Lee Harvey Oswald and the Fair Play for Cuba Committee
I’m auctioning some political ephemera with an interesting historical association next Sunday. Here is the link.
There are two pamphlets in the auction, both published in the 1960s by the Fair Play for Cuba Committee. The Fair Play for Cuba Committee (FPCC) was an organisation with a raft of well-known writers as supporters, including Allen Ginsberg,Truman Capote and James Baldwin, but the only reason that the name is now remembered is because of its association with Lee Harvey Oswald, the assassin of John F. Kennedy.
On May 26 1963, Oswald wrote to the headquarters of the campaign in New York, volunteering to establish an office in New Orleans. By November 24 1963, less than 6 months later, both Oswald and Kennedy would be dead.
This is a screen grab of Oswald handing out his ‘Hands off Cuba’ leaflets on June 16 at the Dumaine Street wharf near where the USS Wasp, an aircraft carrier was docked.
And here is the archive footage it’s taken from
This is the first of the pamphlets I am selling. As it was published in 1961, Oswald would certainly have read this one.
The second pamphlet is another typical example of what the Fair Play for Cuba Committee produced, but published after Oswald’s death.
What was Oswald’s interest in the campaign? In ‘Oswald’s Tale: An American Mystery’, Norman Mailer asserts that Oswald’s interest in Cuba represented an attempt to establish his credentials with the Cuban government, presumably to gain Cuban eventual citizenship. Between 1959 and 1962 Oswald had lived in Russia. Now, with a Russian wife and still some belief in Socialism, he wavered between returning to Russia and starting a new life in Cuba.

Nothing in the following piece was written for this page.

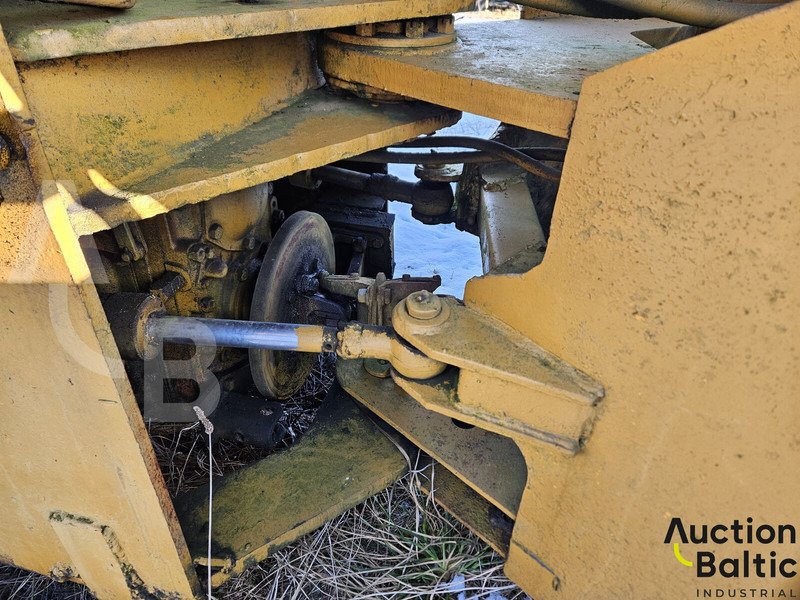 Chargeuse sur pneus TO-30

But, as Edward Epstein, in his book ‘Legend: The Secret World of Lee Harvey Oswald” says:
“The problem for Oswald was getting there. Since it was illegal at the time for a United States citizen to travel to Cuba, he would have to obtain his visa at the Cuban Embassy outside the country, and to do that, he would need some credentials to prove that he was a supporter of the Cuban government. His game in New Orleans involved creating just such a record for himself. Once he got to Havana, he could, no doubt, find contacts and connections with the Castro government. He even, at one point, bragged to Marina that he would become a ‘minister’ in the government”. (Mailer p.552)
And Mailer himself asserts:
“His real purpose, after all, was not to create a functioning branch of the FPCC, but to build as quickly as possible a record that would impress Castro’s officials. So Oswald’s first need was to assemble a dossier of official FPCC letters, to which he could add such documents as handbills and, even more important, news clippings. He would have to select actions that would attract media attention”. (Mailer p.554)
Here is another link below to a long interview with Norman Mailer where he talks about his researches in the KGB archives and how the Russians were just as baffled by Oswald as Americans were to become.
What were Oswald’s motivations? For me, these pamphlets provide a clue. Could the assassination of JFK, only a few months later, have formed part of this same campaign by Oswald to attain some radical credibility in the eyes of those he admired on the Left? Whatever he mistakenly believed, the literature of the Fair Play for Cuba Committee is one of the few pieces of material evidence available that can provide a window into his thinking as he made the decisions that culminated, on November 22, in the death of JFK.